The son of John Hamilton, the manager of the St. Rollox Chemical Works, James Hamilton was apprenticed to Alexander Kirkland in the late 1840s, during which time he designed several monuments for the Necropolis.

The most important of these were the monuments to John Henry Alexander, carved by A H Ritchie (1851) and the bookseller David Robertson, carved by Clubb & McLean (1856).

As Kirkland’s chief designer he was also responsible for designing the Venetian-style Bothwell Circus, Bothwell Street (1854) and Tillie & Henderson’s warehouse, 37-51 Miller Street (1854).

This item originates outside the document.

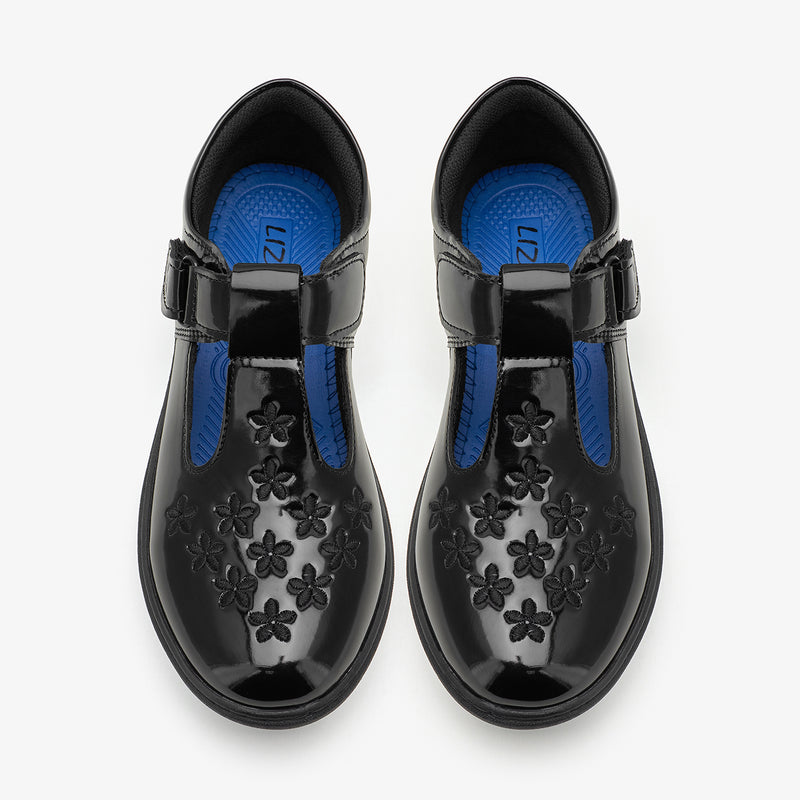 Girls’ SoftStep School Shoes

Winning the competition for the Ulster Bank, Belfast (1857), he established his own practices there and in Glasgow, the former run for a time by Frank Stirrat, 1863-6, the latter in conjunction with James Sellars, 1864-7.

Hamilton’s architectural work includes branches of the Ulster Bank in Sligo and Trim; villas in and around Rothesay; a warehouse at the corner of Watson Street and Gallowgate, Glasgow (c.1870); St. Rollox U.P. Church, Glasgow (1892) and Shawlands Academy, Glasgow (1893).

His best known work in Glasgow is the colossal Aitken of Dalmoak Mausoleum in the Necropolis (1875). The largest mausoleum in the Necropolis, it is now badly vandalised, the angel above its entrance having been decapitated, and its ornate iron grates smashed.

A similar fate has befallen his John Henry Alexander Monument, which has lost the heads of its many cherubs and its statue of Comedy, whilst its figure of Tragedy has completely disappeared.

In 1877, Hamilton entered into partnership with his son, John (1851-1935), as James Hamilton & Son, but this ended after a disagreement in 1884.

Resuming the partnership briefly a decade later, it again came to an abrupt end with James Hamilton’s death at his home, Neil’s Cottage, Millport, on 26th June 1894. Thereafter, the firm continued under his son and grandson, Arthur Donaldson Hamilton (1882-1917), and later, John G. Hamilton.